Rescue workers drive on a road blocked with mud after a dam owned by Vale SA and BHP Billiton Ltd burst in Mariana, Brazil, November 6, 2015. Reuters

Casualties from a collapsed dam at a Brazilian mine owned by Vale and BHP Billiton mounted on Friday after rescue teams worked through the night to find the dozens missing in mudslides that devastated a nearby village.

A spokesman for firefighters in the rescue confirmed 30 injuries and at least two deaths, but said the count was likely to rise as the search advanced slowly after mudslides knocked out roads and cellular towers.

"In reality there are a lot more, but we can't confirm any more than that.
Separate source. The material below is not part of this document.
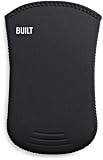 BUILT Kindle Fire Slim Neoprene Sleeve, Black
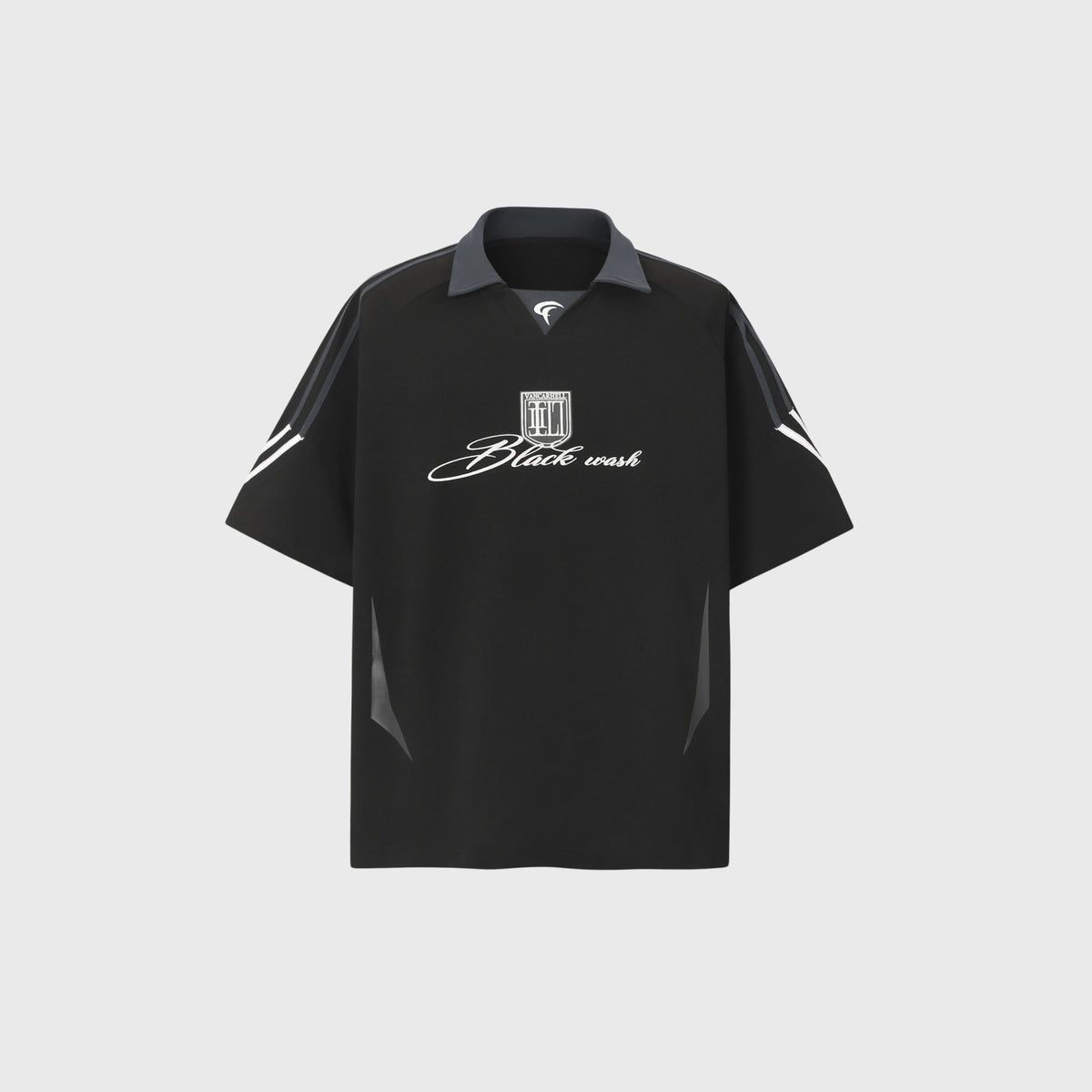 SPINE POLO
We don't even know that we'll find everybody," said firefighter Adão Severino Junior in Mariana. He said the local hospital was "saturated" and victims arriving by helicopter were being sent to nearby Ouro Preto.

BHP Billiton Chief Executive Officer Andrew Mackenzie said at a news conference that full assessment of casualties and damage was hampered by nightfall that came a few hours after the incident on Thursday.

Vale directed questions to officials at their Samarco joint venture, which said in a statement it had not yet determined why the dam burst or the extent of the disaster.

The dam was holding tailings, a mining waste product of metal filings, water and occasionally chemicals. It was located near the Gualaxo do Norte river, adding to fears of potential water contamination.

The Germano mine produces 30 million tons of iron ore pellets per year. Samarco produces just under 10 percent of Brazil's iron ore output. Iron ore is transported down a slurry pipe from Germano to Espirito Santo, where it is turned into pellets and shipped to customers including the Libyan Iron and Steel Co (Lisco), one of North Africa's biggest steelmakers.